Baca Juga: Hampir Sepekan Krisis Air Bersih di Gili Trawangan, Warga Berjibaku Cari Sumber Alternatif

Arifin juga menilai, kekurangan sarana dan prasarana lembaga penegak disiplin itu mau tidak mau harus dipenuhi pemerintah. Sebab, jika mengandalkan pihak lain, akan berisiko melunturkan integritas lembaga terkait. 

“Karena tidak ada bahan bakar, lalu BKKPN minta ke diveshop-diveshop, seolah dia jadi subordinasi (bawahan, red). Kan tidak bagus,” ujarnya.

“Kalau mau jaga integritas, kan harusnya jaga jarak (dengan pihak lain). Harusnya mereka diperkuat. Sehingga fungsi-fungsi enforcement (penegakan disiplin, red) itu terjadi.”

Arifin juga mengungkapkan keprihatinannya terkait penegakan disiplin terkait zonasi di perairan Gili Matra. Seperti diketahui, wilayah Kepulauan Gili Matra (Meno, Air, dan Trawangan) dibagi dalam sejumlah zonasi seperti Zona Perlindungan yang melarang segala aktivitas selam maupun pemancingan dan Zona Rehabilitasi yang bertujuan melindungi terumbu karang, dan sebagainya. 

“Masalah zonasi, sudah tidak ada penegakan disiplin. Tidak ada yang patroli. Dulu di utara pelabuhan, hanya ada satu titik yang boleh pasang jangkar, sekarang hampir di mana-mana boleh,” ungkapnya.

Namun, Arifin menilai, lembaga yang berwenang mengurusi perairan seperti BKKPN di perairan Gili Matra (Meno, Air, dan Trawangan) kini sudah jauh lebih baik ketimbang dulu.

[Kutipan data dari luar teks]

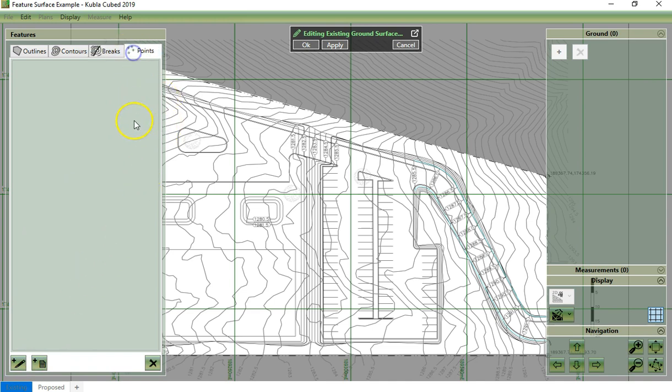Point levels can also be drawn manually or loaded in from a file. Supported formats include Excel, CAD, and any text file formats such as CSV or XYZ. In this example, we don't have any point levels in our existing definition.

“BKKPN sekarang semakin eksis dibanding dulu. Sekarang mereka paham betul perlunya regulasi dan sanksi. Perlu ada yang mengingatkan dan menghukum (jika ada pelanggaran atau pencemaran).”

“Pemerintah harus perkuat, kasih fasilitas infrastruktur, kemudian pembangunan SDM supaya semakin punya integritas dan disegani,” tutupnya.

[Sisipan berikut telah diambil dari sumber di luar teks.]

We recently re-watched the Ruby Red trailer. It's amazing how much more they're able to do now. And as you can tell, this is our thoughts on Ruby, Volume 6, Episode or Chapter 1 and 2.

Adapun kasus pencemaran bawah laut di perairan utara Gili Trawangan terungkap pada Mei lalu. PT Tiara Cipta Nirwana, perusahaan swasta yang digandeng Perusahaan Umum Daerah Air Minum (PDAM) Amerta Dayan Gunung untuk memproduksi air bersih dari air laut, dituding melakukan pencemaran itu. BKKPN Kupang Wilayah Kerja Taman Wisata Perairan Gili Meno, Air dan Trawangan lalu menyegel aktivitas pengeboran pipa intake milik PT TCN pada 6 Juni lalu.

Imbas dari kasus pencemaran itu, PT TCN dan PDAM lalu menghentikan pasokan air bersih ke seantero Gili Trawangan sejak Sabtu (22/6) hingga Kamis (27/6). Air bersih dilaporkan mulai mengalir kembali di Gili Trawangan pada Kamis sore (27/6).